» **Data listing**
▬▬▬▬▬▬▬▬▬▬
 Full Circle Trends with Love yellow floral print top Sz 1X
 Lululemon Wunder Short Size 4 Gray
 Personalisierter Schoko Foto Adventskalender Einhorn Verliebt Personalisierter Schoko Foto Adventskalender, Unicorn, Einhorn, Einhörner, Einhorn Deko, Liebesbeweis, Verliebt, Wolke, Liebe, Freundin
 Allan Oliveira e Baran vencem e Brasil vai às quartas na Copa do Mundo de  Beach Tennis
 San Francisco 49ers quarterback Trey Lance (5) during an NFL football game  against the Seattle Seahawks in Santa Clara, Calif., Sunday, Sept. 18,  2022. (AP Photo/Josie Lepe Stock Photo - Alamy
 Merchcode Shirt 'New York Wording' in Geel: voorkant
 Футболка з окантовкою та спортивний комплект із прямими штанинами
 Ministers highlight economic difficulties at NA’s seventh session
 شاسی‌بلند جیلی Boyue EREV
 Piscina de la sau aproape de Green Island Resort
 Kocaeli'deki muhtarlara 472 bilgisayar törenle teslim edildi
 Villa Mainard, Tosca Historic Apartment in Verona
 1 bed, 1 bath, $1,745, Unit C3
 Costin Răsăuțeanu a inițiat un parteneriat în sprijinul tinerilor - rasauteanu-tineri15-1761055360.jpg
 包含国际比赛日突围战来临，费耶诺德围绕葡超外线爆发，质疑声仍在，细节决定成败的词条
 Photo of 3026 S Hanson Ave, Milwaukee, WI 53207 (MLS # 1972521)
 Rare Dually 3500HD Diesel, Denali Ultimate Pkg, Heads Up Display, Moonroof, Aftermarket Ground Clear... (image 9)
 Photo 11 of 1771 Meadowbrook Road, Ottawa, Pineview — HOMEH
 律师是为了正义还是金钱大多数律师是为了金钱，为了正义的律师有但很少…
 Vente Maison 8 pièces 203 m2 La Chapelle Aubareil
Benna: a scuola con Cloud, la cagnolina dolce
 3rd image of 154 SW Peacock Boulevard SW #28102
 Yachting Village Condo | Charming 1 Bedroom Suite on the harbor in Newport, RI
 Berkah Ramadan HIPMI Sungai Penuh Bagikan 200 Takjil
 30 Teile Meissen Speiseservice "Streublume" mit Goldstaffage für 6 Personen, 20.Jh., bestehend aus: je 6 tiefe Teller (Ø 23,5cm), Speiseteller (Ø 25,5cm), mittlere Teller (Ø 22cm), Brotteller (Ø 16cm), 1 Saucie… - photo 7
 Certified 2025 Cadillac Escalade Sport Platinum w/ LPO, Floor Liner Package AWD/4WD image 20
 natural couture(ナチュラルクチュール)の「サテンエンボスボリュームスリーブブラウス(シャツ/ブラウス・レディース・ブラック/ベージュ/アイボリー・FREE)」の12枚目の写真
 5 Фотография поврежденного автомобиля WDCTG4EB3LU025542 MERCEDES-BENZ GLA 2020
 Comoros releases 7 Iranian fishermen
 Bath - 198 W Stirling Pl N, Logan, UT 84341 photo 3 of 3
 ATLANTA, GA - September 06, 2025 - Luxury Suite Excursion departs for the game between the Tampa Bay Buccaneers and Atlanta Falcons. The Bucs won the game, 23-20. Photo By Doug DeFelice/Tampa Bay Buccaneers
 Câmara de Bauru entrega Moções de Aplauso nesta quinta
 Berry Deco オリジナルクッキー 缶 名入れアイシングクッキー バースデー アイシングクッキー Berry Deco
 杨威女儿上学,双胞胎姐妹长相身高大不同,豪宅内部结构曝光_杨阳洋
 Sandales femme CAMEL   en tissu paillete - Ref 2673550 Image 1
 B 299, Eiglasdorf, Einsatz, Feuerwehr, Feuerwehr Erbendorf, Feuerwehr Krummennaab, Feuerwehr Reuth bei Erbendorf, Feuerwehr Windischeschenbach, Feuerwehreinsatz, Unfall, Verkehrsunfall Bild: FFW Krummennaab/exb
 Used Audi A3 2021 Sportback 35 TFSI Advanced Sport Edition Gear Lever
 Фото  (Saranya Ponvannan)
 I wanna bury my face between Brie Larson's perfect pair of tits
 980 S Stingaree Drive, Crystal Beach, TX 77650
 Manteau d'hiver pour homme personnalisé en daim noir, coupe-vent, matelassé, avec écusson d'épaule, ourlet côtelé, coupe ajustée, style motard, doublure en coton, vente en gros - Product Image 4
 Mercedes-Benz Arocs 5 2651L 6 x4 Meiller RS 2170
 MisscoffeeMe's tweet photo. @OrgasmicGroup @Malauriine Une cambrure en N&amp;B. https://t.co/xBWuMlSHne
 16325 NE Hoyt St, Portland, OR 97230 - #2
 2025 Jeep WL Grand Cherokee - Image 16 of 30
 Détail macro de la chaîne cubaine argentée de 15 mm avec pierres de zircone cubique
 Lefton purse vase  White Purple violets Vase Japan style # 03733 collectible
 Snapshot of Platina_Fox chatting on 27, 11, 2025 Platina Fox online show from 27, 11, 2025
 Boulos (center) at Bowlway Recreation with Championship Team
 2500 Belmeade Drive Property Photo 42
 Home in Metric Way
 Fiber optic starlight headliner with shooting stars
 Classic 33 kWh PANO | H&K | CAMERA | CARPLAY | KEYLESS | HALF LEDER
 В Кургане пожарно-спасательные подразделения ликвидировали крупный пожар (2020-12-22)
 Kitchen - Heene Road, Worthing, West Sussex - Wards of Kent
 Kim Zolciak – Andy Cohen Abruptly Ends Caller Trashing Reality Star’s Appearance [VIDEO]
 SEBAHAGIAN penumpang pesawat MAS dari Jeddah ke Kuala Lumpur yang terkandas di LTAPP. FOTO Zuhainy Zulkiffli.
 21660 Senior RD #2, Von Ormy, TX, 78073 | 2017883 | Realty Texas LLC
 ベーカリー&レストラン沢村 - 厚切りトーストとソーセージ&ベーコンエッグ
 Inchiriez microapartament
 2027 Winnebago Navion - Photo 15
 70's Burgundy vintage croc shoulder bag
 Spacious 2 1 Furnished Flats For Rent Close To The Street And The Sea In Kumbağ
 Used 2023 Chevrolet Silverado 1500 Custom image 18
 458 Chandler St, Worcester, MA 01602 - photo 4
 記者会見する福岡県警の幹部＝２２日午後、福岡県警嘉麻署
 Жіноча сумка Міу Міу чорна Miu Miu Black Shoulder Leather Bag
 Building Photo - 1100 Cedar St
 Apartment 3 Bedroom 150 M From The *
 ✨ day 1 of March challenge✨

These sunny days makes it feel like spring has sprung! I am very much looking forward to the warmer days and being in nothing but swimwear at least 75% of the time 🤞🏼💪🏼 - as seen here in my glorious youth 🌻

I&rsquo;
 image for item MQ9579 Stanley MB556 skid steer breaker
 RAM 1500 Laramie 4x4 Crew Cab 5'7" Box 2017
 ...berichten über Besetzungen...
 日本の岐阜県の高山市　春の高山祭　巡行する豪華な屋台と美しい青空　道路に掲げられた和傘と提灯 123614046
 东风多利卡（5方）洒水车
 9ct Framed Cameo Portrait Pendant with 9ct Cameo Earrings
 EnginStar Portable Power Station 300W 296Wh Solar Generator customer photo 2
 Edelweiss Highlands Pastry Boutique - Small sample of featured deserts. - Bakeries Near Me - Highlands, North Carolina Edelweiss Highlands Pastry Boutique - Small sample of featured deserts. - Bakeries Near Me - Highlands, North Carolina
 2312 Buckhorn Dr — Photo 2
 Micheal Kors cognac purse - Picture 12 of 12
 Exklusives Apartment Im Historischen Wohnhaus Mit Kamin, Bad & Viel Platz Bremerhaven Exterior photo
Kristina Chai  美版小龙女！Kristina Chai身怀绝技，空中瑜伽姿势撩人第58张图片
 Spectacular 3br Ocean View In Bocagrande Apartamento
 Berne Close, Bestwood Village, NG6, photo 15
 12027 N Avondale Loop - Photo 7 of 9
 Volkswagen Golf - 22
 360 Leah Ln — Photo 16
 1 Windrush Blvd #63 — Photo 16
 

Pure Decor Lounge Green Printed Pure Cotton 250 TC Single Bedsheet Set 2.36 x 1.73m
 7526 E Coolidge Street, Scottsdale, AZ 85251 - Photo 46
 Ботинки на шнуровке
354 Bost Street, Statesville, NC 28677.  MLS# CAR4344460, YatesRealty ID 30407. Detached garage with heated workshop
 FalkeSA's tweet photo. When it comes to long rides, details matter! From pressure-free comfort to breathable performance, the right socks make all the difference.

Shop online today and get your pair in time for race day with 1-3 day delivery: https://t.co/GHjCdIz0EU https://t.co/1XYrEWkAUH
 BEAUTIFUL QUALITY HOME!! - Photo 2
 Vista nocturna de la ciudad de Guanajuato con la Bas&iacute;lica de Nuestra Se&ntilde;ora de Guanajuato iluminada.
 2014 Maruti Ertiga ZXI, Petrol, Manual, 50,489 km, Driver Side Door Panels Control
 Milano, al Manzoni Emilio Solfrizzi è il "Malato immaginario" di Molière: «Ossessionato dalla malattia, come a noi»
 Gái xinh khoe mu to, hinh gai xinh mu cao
▬▬▬▬▬▬▬▬▬▬
» **What is expected**
Going down the listing above, begin printing at the line with "980 S Stingaree" and finish with the line with "Détail macro de", exactly as they appear.

» **Answer below**
 980 S Stingaree Drive, Crystal Beach, TX 77650
 Manteau d'hiver pour homme personnalisé en daim noir, coupe-vent, matelassé, avec écusson d'épaule, ourlet côtelé, coupe ajustée, style motard, doublure en coton, vente en gros - Product Image 4
 Mercedes-Benz Arocs 5 2651L 6 x4 Meiller RS 2170
 MisscoffeeMe's tweet photo. @OrgasmicGroup @Malauriine Une cambrure en N&amp;B. https://t.co/xBWuMlSHne
 16325 NE Hoyt St, Portland, OR 97230 - #2
 2025 Jeep WL Grand Cherokee - Image 16 of 30
 Détail macro de la chaîne cubaine argentée de 15 mm avec pierres de zircone cubique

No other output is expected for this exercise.